The task: Return every line from the one with "UWS 69in. Aluminum" through the one with "DecoPatch - Hobbypapier", inclusive, exactly as it appears below.

The records:
**********
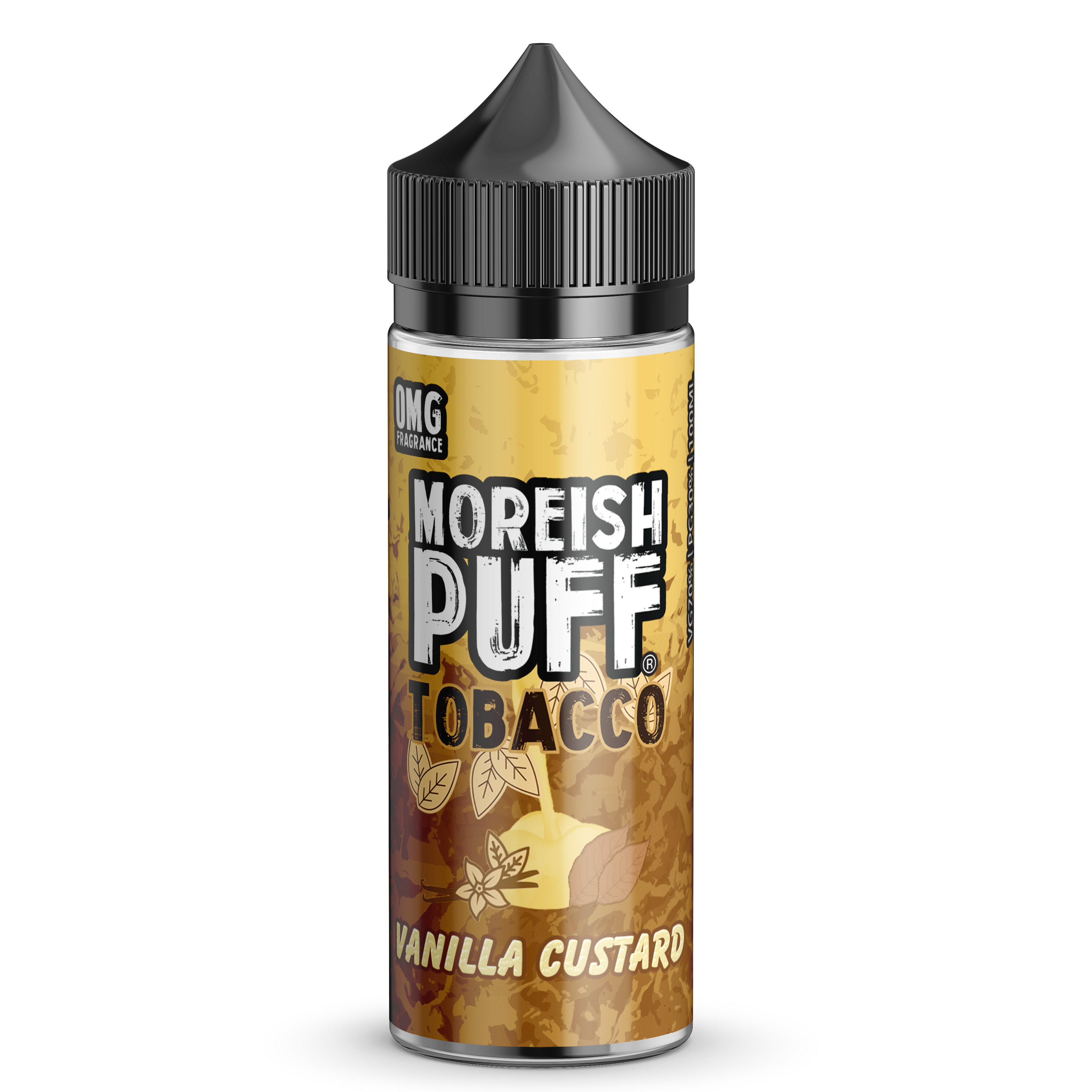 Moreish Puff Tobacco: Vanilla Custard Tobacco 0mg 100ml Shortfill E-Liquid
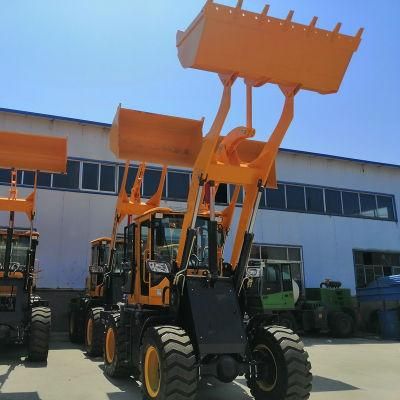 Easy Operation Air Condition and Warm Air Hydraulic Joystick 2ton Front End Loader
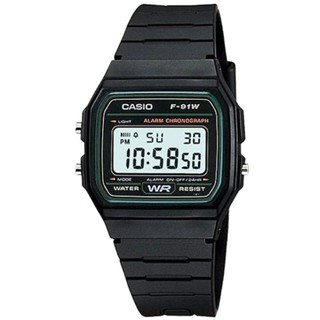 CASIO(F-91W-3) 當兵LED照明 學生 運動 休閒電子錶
**********
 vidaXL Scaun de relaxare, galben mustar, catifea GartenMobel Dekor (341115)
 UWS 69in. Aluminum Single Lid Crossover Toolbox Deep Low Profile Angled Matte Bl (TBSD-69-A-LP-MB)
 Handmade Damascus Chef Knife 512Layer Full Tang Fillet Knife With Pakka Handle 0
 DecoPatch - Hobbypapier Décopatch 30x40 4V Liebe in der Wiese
**********
Answer for this exercise:
 UWS 69in. Aluminum Single Lid Crossover Toolbox Deep Low Profile Angled Matte Bl (TBSD-69-A-LP-MB)
 Handmade Damascus Chef Knife 512Layer Full Tang Fillet Knife With Pakka Handle 0
 DecoPatch - Hobbypapier Décopatch 30x40 4V Liebe in der Wiese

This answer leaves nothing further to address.